An unbroken stand of 99 for the sixth wicket between Robin Weston and David Nash revived a faltering Middlesex first innings, taking it to 263 for five by the end of the second day of their CricInfo Championship match against Sussex at Lord's

Andy Jalil
30-Jun-2001
An unbroken stand of 99 for the sixth wicket between Robin Weston and David Nash revived a faltering Middlesex first innings, taking it to 263 for five by the end of the second day of their CricInfo Championship match against Sussex at Lord's.
They were in need of a big partnership after losing the fifth wicket on 164, and Weston along with Nash provided the discipline to bring the innings back in line. He finished the day unbeaten on 70 from 174 balls with nine boundaries and it was his application in three-and-a-half-hours batting that was much needed by his side.
Nash gave excellent support for two hours in scoring 44 not out as they took their side to within sixty runs of the Sussex first innings total and with half of their wickets still standing.
Middlesex had been given a fine start with a two-and-a-half-hour an opening stand which fell just four short of a century. Andy Strauss and Michael Roseberry were both unlucky to narrowly miss their half-centuries, by two and six runs respectively.

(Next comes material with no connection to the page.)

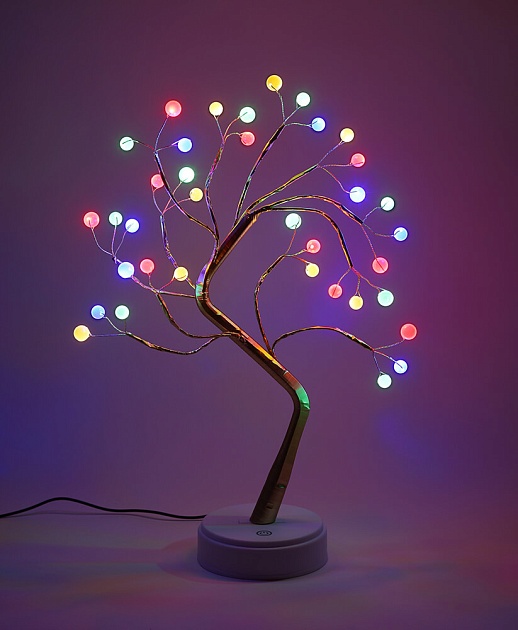 Светодиодная новогодняя фигура ЭРА ЕGNID - 36M дерево с разноцветными жемчужинами 36 LED Б0051948 фото 21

But their good work was wasted later with Middlesex losing four wickets in a space of 49 runs. The two openers fell in the hour after lunch, both to pull shots. Roseberry, top-edging to wide mid-on and Strauss, hitting firmly but straight to Michael Yardy at mid-wicket with the total on 115.
Four runs later, Owais Shah, 11, playing his first first-class innings in a month, having been on England duty with the limited-overs series, was trapped leg before wicket as was Ben Hutton for six, on 150.
Jason Lewry and Mark Robinson had shared the four wickets while off-spinner Mark Davis accounted for Paul Weekes having him snapped up at silly mid-off from a forward prod shortly before tea which was taken on 183 for five.
At the start of the day's play, a big hitting spree by the last remaining Sussex wicket had added 22 runs in ten minutes to take the total to 323 before a ball from Angus Fraser uprooted the middle and off stump of Jason Lewry.
Lewry had added 21 with the help of four boundaries, to his overnight score to reach 40, his highest number of runs in first-class cricket. Most of those came off Jamie Hewitt whose one over went for thirteen.
Starting their innings just under two hours before lunch, Middlesex's openers, Strauss and Roseberry slowly put on 71 from 28 overs. They had brought the 50 up in the 23rd over with cautious batting rather than free strokeplay at first though some fluency came as their stand progressed.